Cerco a Lulinha: Quebra de Sigilo e Pressão Política Pressionam Governo em Momento Crucial
O cenário político brasileiro tornou-se tenso nesta quinta-feira (26), com investigações da Polícia Federal e ações no Congresso Nacional colocando Fábio Luís Lula da Silva, o Lulinha, filho do presidente Lula, no centro das preocupações de auxiliares do governo.
Apesar das negativas de Lulinha ao pai e da declaração de Lula de que “quem errou tem que pagar”, o receio é que as investigações respinguem diretamente na campanha à reeleição do presidente, em um momento delicado.
A situação se agravou com a autorização do ministro André Mendonça, do STF, para a quebra dos sigilos bancário, fiscal e telemático de Lulinha, a pedido da PF. A notícia, que chegou ao governo através da imprensa, gerou surpresa e questionamentos sobre o tempo de tramitação do pedido.
CPI do INSS Quebra Sigilo de Lulinha em Sessão Conturbada
Paralelamente, a CPI do INSS decidiu, em uma sessão considerada conturbada pelos governistas, pela quebra do sigilo de Lulinha. Ele foi citado em investigações que envolvem Antonio Carlos Camilo Antunes, o “Careca do INSS”, figura central em um escândalo de fraudes em benefícios previdenciários.
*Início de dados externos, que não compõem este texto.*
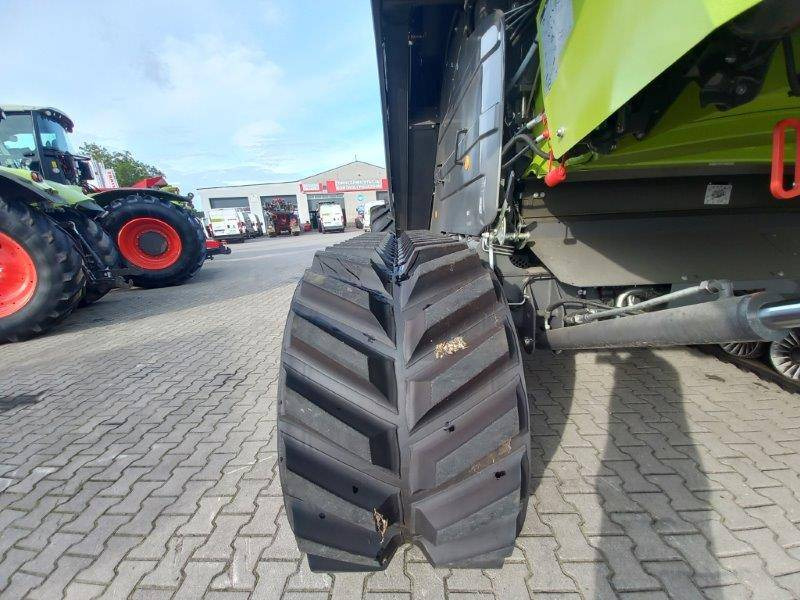 Combină de recoltat cereale Claas Lexion 8800 TT: Foto 20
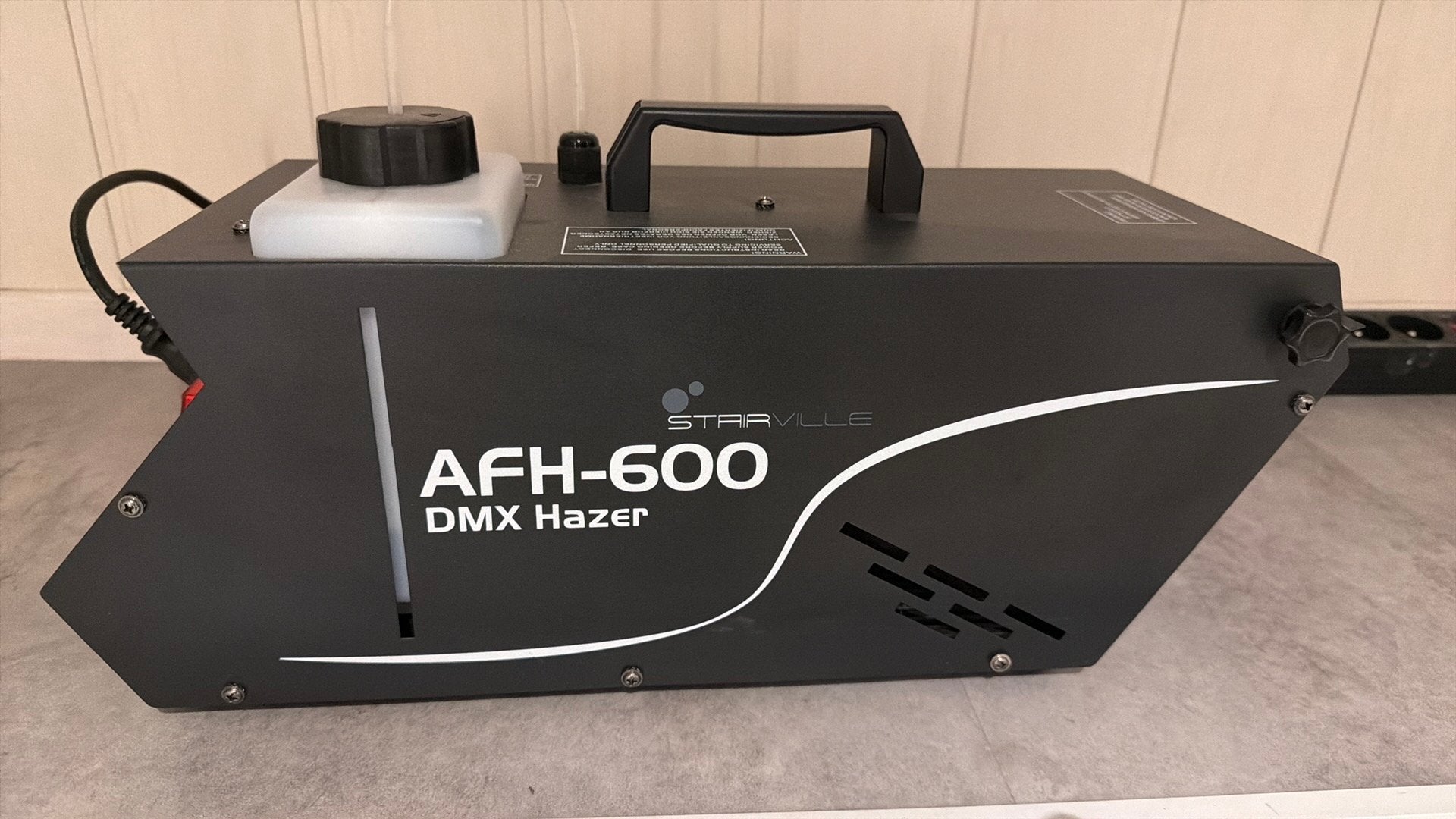 Stairville AFH-600 hazer, Musique & Instruments, Lumières & Lasers, Enlèvement, Comme neuf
A PF investiga menções a Lulinha em depoimentos relacionados à Operação Sem Desconto. Essas citações indiretas já haviam vindo à tona em dezembro do ano passado e estavam sob apuração.
Em conversas internas, Lula tem reiterado que as investigações devem prosseguir, reforçando sua posição de que “quem errou tem que pagar”. Segundo relatos, o presidente teria chamado o filho para cobrar explicações, alertando que ele “pagará o preço caso tenha cometido algum delito”.
Lulinha Afirma Tranquilidade e Ironiza Rumores Patrimoniais
Lulinha, por sua vez, teria garantido ao pai estar “100% tranquilo” e ironizado rumores sobre sua evolução patrimonial, questionando a falta de evidências como uma “Ferrari de ouro” e uma fazenda.
Apesar dos argumentos de aliados de que as investigações ocorrem no governo atual, mesmo que as fraudes tenham começado em gestões passadas, existe o temor de que o caso seja explorado pela oposição.
A blindagem de familiares de Lula era vista como estratégica para os governistas na CPI do INSS, mas a quebra de sigilo gerou descontentamento e dúvidas sobre a lealdade do diretor-geral da PF, Andrei Rodrigues.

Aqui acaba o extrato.